EXERCISE DESCRIPTION — Start at the line below containing "The pictures, posted" and stop at the line containing "America and Beyond". Repeat every line of that stretch exactly, and nothing outside it.

RECORDS FOR THIS TASK —
·····
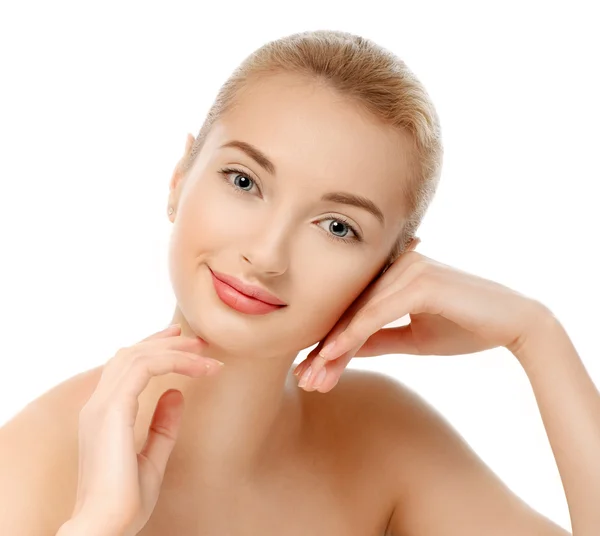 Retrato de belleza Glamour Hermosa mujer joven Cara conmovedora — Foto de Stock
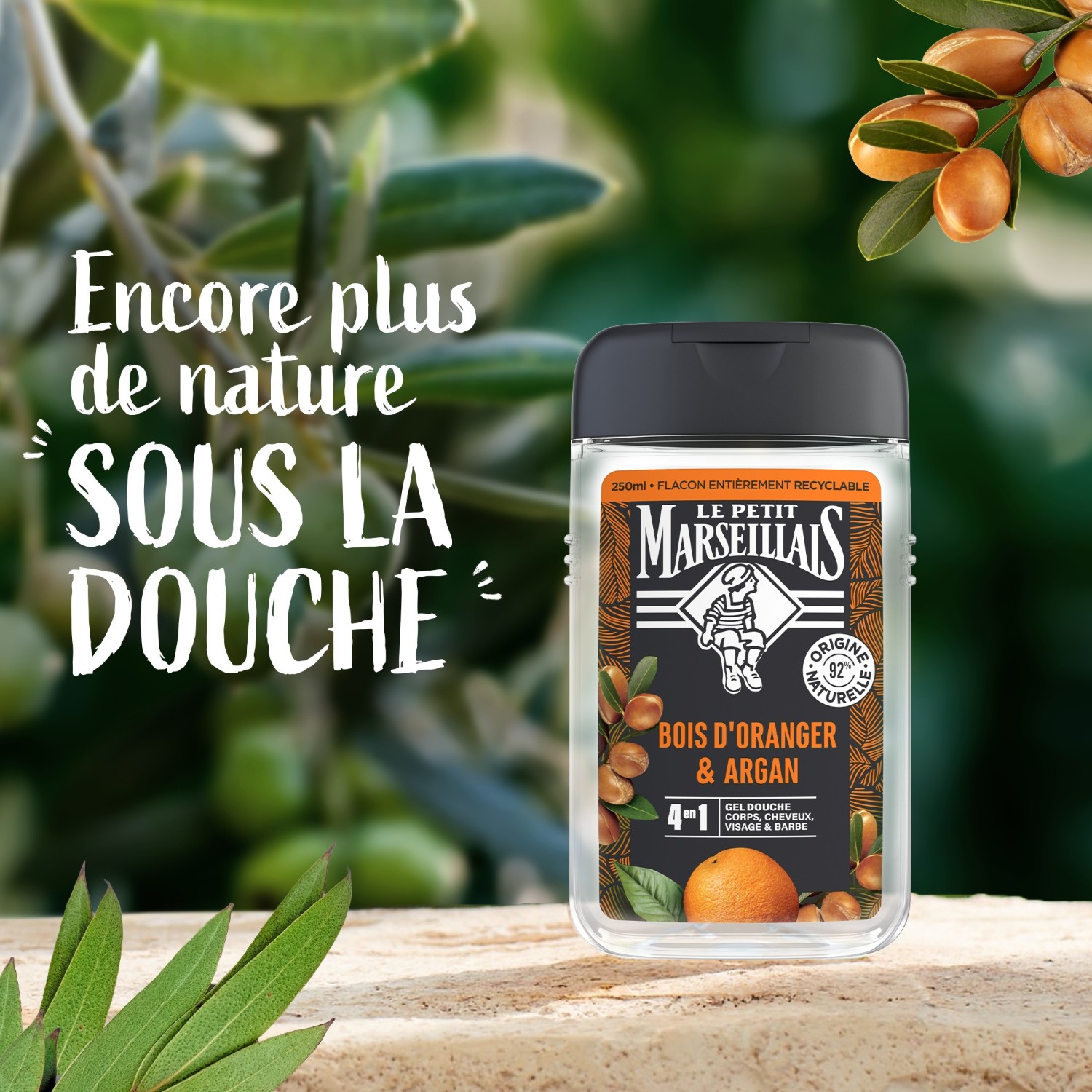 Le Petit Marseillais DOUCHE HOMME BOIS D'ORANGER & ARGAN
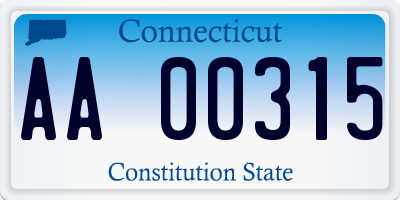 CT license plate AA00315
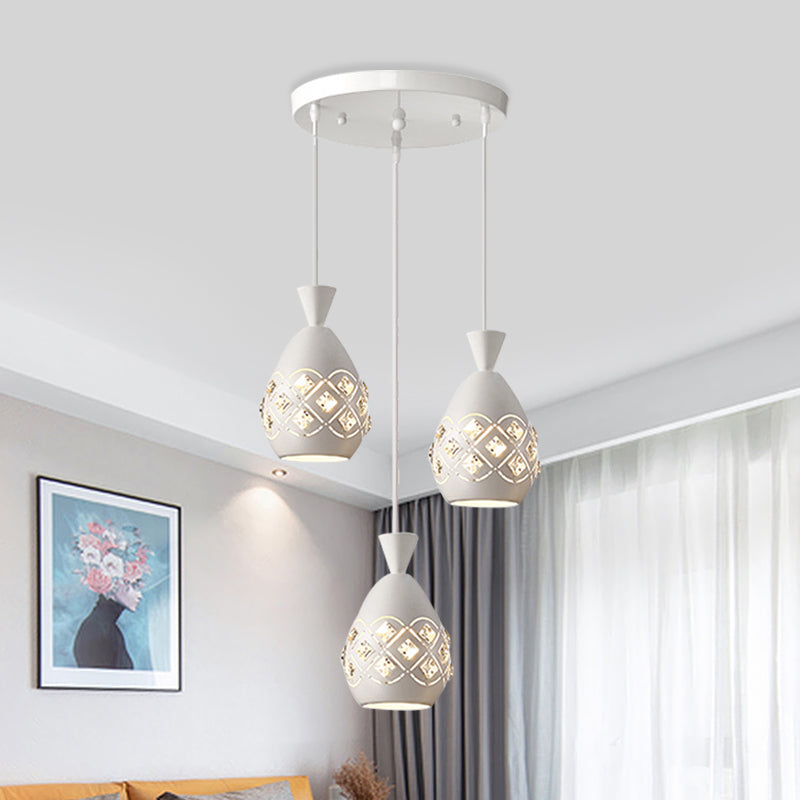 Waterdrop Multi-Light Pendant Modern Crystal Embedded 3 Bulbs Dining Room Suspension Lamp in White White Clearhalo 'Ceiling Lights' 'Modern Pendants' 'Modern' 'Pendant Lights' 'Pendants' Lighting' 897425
·····
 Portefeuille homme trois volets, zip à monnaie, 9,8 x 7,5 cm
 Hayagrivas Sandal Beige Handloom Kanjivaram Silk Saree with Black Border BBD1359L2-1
·····
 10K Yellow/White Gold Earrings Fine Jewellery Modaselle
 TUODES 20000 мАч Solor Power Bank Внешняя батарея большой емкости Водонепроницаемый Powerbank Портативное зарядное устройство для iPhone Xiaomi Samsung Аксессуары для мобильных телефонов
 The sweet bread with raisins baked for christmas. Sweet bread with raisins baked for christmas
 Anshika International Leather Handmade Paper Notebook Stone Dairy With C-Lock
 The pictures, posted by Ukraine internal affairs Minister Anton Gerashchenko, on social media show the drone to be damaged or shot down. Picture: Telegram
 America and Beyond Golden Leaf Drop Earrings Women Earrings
·····
ANSWER TO THIS TASK —
 The pictures, posted by Ukraine internal affairs Minister Anton Gerashchenko, on social media show the drone to be damaged or shot down. Picture: Telegram
 America and Beyond Golden Leaf Drop Earrings Women Earrings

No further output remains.